Reconozco mi simpatía inicial con los vendedores de aceite de serpiente y crecepelos milagrosos, esos personajes muñidores de purgas de Benito a quienes en México se llama "merolicos"; quincalleros y mañosos chalanes bien surtidos de labia y verborrea para pregonar su elixir o ungüento milagroso. Baratones. Pero ese primer guiño se torna en creciente animadversión cuanta más gente resulta estafada en sus esperanzas. O aun peor si el charlatán empieza a creerse su propia verborrea, se deja deslumbrar por su visión y comienza a tomarse en serio a sí mismo, apañando milagros y prendiendo incendios en nombre de cualquier fe.

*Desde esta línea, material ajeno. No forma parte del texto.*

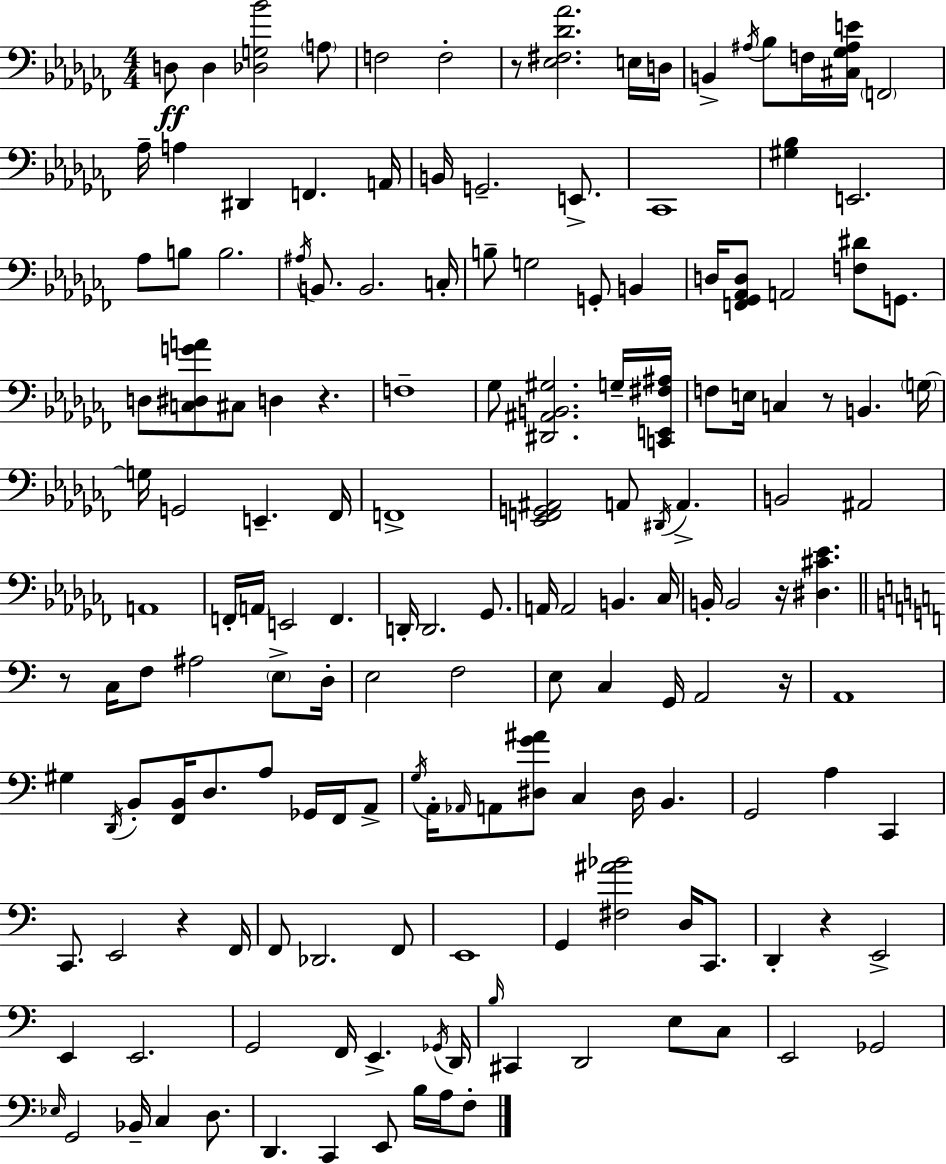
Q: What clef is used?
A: bass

Releo estos días de verano el libro de Manuel Ríos "Savonarola, una tragedia del Renacimiento" sobre el dominico revolucionario azote de Medicis y otros ricos de la Florencia del Quattrocento. La juventud suele carecer del hervor escarmentado de los grandes desencantos y el reseco fraile florentino, con 27 años pletóricos de santa indignación empezó a predicar a fustazos contra la corrupción y los vicios de las instituciones de su tiempo. A los 35 Girolamo Savonarola, con su retórica inmisericorde, se había proclamado "predicador de los desesperados", y su verbo encendido fustigaba a las masas prendiendo voraces hogueras de las vanidades en la Piazza de la Signoria donde se quemaban al Mundo, el Demonio y la Carne. Nihil sub sole novum. Otras plazas han visto también arder la sagrada indignación, agigantando con su resplandor las sombras de otros redentoristas adalides del ardor.   

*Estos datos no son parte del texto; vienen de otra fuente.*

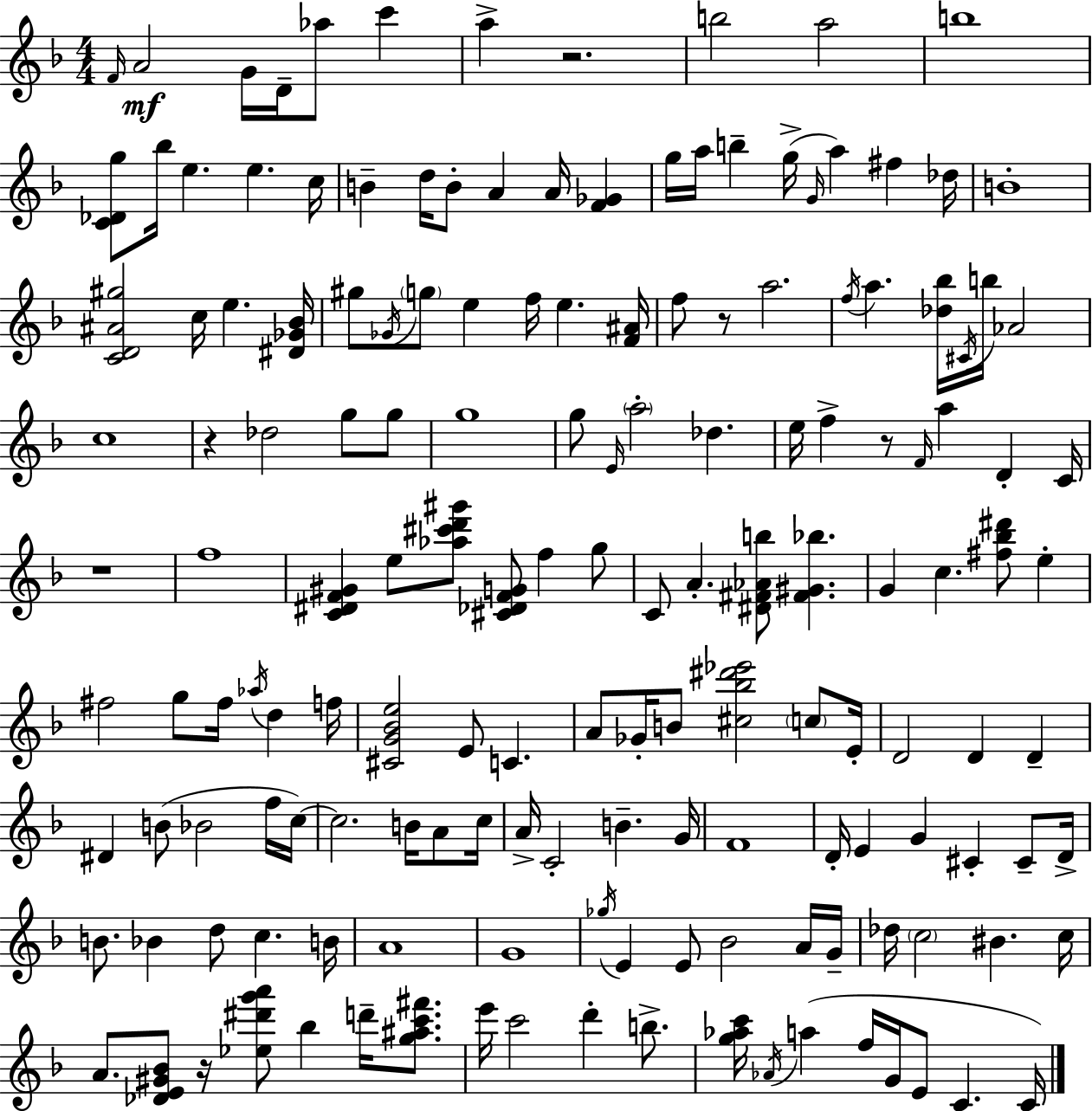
F4/s A4/h G4/s D4/s Ab5/e C6/q A5/q R/h. B5/h A5/h B5/w [C4,Db4,G5]/e Bb5/s E5/q. E5/q. C5/s B4/q D5/s B4/e A4/q A4/s [F4,Gb4]/q G5/s A5/s B5/q G5/s G4/s A5/q F#5/q Db5/s B4/w [C4,D4,A#4,G#5]/h C5/s E5/q. [D#4,Gb4,Bb4]/s G#5/e Gb4/s G5/e E5/q F5/s E5/q. [F4,A#4]/s F5/e R/e A5/h. F5/s A5/q. [Db5,Bb5]/s C#4/s B5/s Ab4/h C5/w R/q Db5/h G5/e G5/e G5/w G5/e E4/s A5/h Db5/q. E5/s F5/q R/e F4/s A5/q D4/q C4/s R/w F5/w [C4,D#4,F4,G#4]/q E5/e [Ab5,C#6,D6,G#6]/e [C#4,Db4,F4,G4]/e F5/q G5/e C4/e A4/q. [D#4,F#4,Ab4,B5]/e [F#4,G#4,Bb5]/q. G4/q C5/q. [F#5,Bb5,D#6]/e E5/q F#5/h G5/e F#5/s Ab5/s D5/q F5/s [C#4,G4,Bb4,E5]/h E4/e C4/q. A4/e Gb4/s B4/e [C#5,Bb5,D#6,Eb6]/h C5/e E4/s D4/h D4/q D4/q D#4/q B4/e Bb4/h F5/s C5/s C5/h. B4/s A4/e C5/s A4/s C4/h B4/q. G4/s F4/w D4/s E4/q G4/q C#4/q C#4/e D4/s B4/e. Bb4/q D5/e C5/q. B4/s A4/w G4/w Gb5/s E4/q E4/e Bb4/h A4/s G4/s Db5/s C5/h BIS4/q. C5/s A4/e. [Db4,E4,G#4,Bb4]/e R/s [Eb5,D#6,G6,A6]/e Bb5/q D6/s [G5,A#5,C6,F#6]/e. E6/s C6/h D6/q B5/e. [G5,Ab5,C6]/s Ab4/s A5/q F5/s G4/s E4/e C4/q. C4/s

Savonarola escribió un tratado político sobre la república y consiguió echar de Florencia a la casta de los Medici para proclamar la República Democrática de Florencia, cuyas calles recorría su implacable policía del pensamiento decomisando las pompas y oropeles de los ricos; las piras expiatorias se coronaban con una efigie del rey pecador, Carnestolendas, y allí se convertía en humo y cenizas las páginas de Petrarca, y los párrafos más voluptuosos de Boccaccio abrazados entre las llamas a la sensualidad de las mejores escenas mitológicas de Botticelli que nunca conoceremos. El fervor zelote del dominico, convencido en el adanismo de su juventud de manejar todas las respuestas, abrasaba obras maestras de Ghirlandaio condenadas por su temática profana, muy del gusto del corrupto patriciado florentino, reduciendo las filigranas más preciosas del Quattrocento a ennegrecidos adoquines empedrando los círculos del infierno de las buenas intenciones.

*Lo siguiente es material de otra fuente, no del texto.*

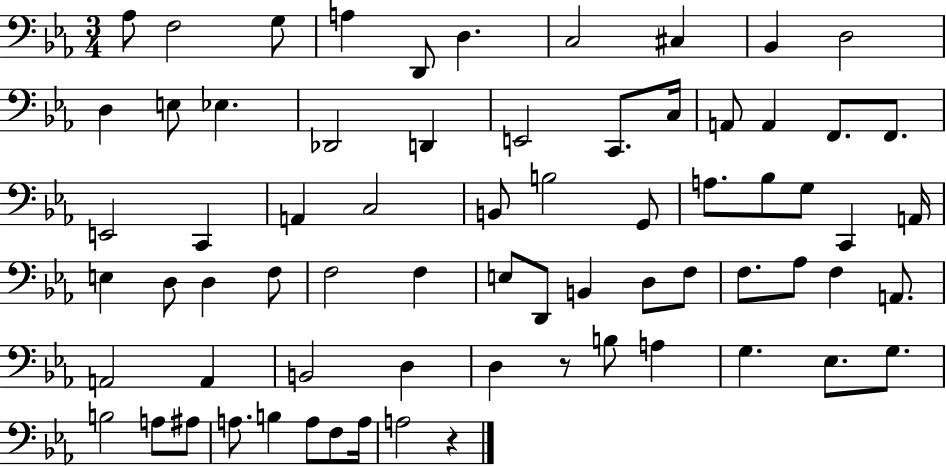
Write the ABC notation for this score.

X:1
T:Untitled
M:3/4
L:1/4
K:Eb
_A,/2 F,2 G,/2 A, D,,/2 D, C,2 ^C, _B,, D,2 D, E,/2 _E, _D,,2 D,, E,,2 C,,/2 C,/4 A,,/2 A,, F,,/2 F,,/2 E,,2 C,, A,, C,2 B,,/2 B,2 G,,/2 A,/2 _B,/2 G,/2 C,, A,,/4 E, D,/2 D, F,/2 F,2 F, E,/2 D,,/2 B,, D,/2 F,/2 F,/2 _A,/2 F, A,,/2 A,,2 A,, B,,2 D, D, z/2 B,/2 A, G, _E,/2 G,/2 B,2 A,/2 ^A,/2 A,/2 B, A,/2 F,/2 A,/4 A,2 z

A cambio de esas llamas Savonarola, perdido el oremus y empeñado en redimirnos de cadenas amén de los pecados, prometía al pueblo paraísos aquí y en el más allá desde el púlpito de las iglesias, al igual que ahora otros relapsos empeñados también en redimir nuestra imperfecta naturaleza humana los prometen más acá; edenes libres de pecado y corrupción, aunque ante el fuego prendido para acrisolar tanta redención cósmica los Savonarolas, debajo del hábito, sólo escondan un botijo baratón incapaz de apagar tanta lumbrarada fanática.

Oscar Wilde estudió bien la figura de Savonarola a través de las páginas de John Addington Symonds. Tal vez el ingenio irlandés se sintiera inspirado por el joven asceta y pirómano dominico para decir, ya escarmentado por la vida, esa humorada tan sabia de "no soy lo bastante joven como para creer que lo sé todo".